Finisce così sotto la nostra lente di ingrandimento il Verdicchio dei Castelli di Jesi Doc vendemmia 2016 prodotto dall’azienda Santa Barbara di Stefano Antonucci.
Fondata nel 1984, con l’obiettivo di produrre vini per bevitori, per amanti del vino, la storia di Stefano Antonucci parte da un invidiabile impiego in banca che non lo appaga più e arriva ad un cantina da 900 mila bottiglie con vini serviti in prima classe sui voli internazionali Bristish Airways.

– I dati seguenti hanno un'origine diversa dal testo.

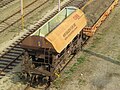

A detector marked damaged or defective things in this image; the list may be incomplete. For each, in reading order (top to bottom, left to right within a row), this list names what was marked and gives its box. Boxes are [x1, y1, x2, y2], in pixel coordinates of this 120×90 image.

rusty freight wagon [20, 6, 87, 86]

Il “posto fisso” Antonucci lo voleva nel cuore delle persone (con i suoi vini) come canta Marracash.
LA DEGUSTAZIONE Il Verdicchio dei Castelli di Jesi Doc 2016 prodotto da Santa Barbara si presenta nel calice limpido e trasparente. Al naso è delicato, con profumi leggeri di frutta a polpa gialla e accenni floreali.

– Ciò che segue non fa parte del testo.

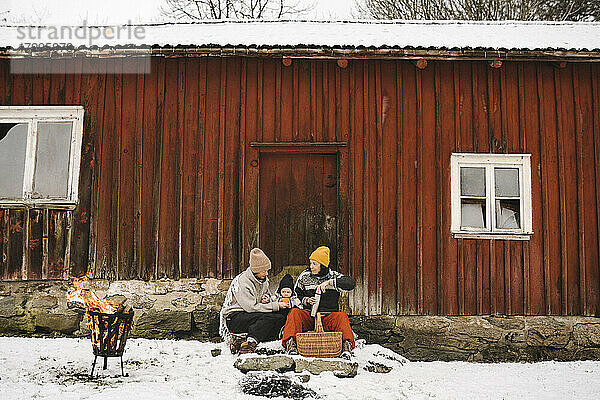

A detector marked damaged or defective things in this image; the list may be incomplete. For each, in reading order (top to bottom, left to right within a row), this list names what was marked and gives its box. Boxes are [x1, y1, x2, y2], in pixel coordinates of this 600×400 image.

broken window [0, 106, 83, 208]
broken window [452, 154, 532, 239]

In bocca l’assaggio è morbido, giocato su note agrumate e rimandi di ananas. Fresco e sapido, nella sua semplicità e nel suo equilibrio si fa apprezzare stuzzicando la beva col suo piglio sapido. Perfetto con uno spaghettino alle vongole si accosta in generale al pescato. Da provare anche con la pizza ai formaggi.
LA VINIFICAZIONE Prodotto con uve Verdicchio da vigneti che si trovano su terreni tufacei sabbiosi a 250 mt s.l.m allevati col sistema del controspalliera capovolto. La vinificazione è tradizionale in bianco, in serbatoi d’acciaio a temperatura controllata con una durata media di due settimane e ausilio di lieviti selezionati.
La cantina di Santa Barbara si divide tra due anime: una parte moderna con cisterne d’acciao e cemento termocontrollate e la barricaia, all’interno dell’ex monastero del borgo.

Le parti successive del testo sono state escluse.